In a piece published in the Hill, Bill Press wrote:
Yes, miracles can happen in politics. If Bernie Sanders wins the state of California, and if enough superdelegates have second thoughts about presidential front-runner Hillary Clinton and start switching their votes, the Vermont senator could still end up the Democratic Party’s nominee. But whether that happens or not, whether he wins or loses the party’s crown, Sanders is already the winner of 2016 on several fronts.
Indeed, the big story about Sanders is not how big he loses to Clinton, but how close he came to winning and how amazingly well he performed as a candidate. Consider: In less than a year, the maverick outsider went from being dismissed as a protest candidate to a phenomenal, national superstar who almost upset the powerful and deeply entrenched Clinton political machine and changed American politics forever.

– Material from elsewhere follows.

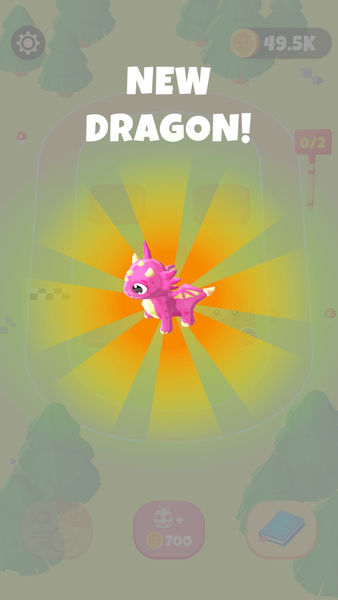 Dragon Legends : Merge'em All! - Image screenshot of android app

The numbers alone are impressive. Even before Tuesday’s six primaries, in New Jersey, New Mexico, Montana, North and South Dakota, and California, Sanders had won 20 state contests, received more than 10.2 million votes and collected pledges from 1,566 delegates, according to The Associated Press — more than enough to earn him the right to take his campaign all the way to the Democratic National Convention in July. In 1976, Jerry Brown carried his challenge to Jimmy Carter onto the convention floor with only 301 delegates.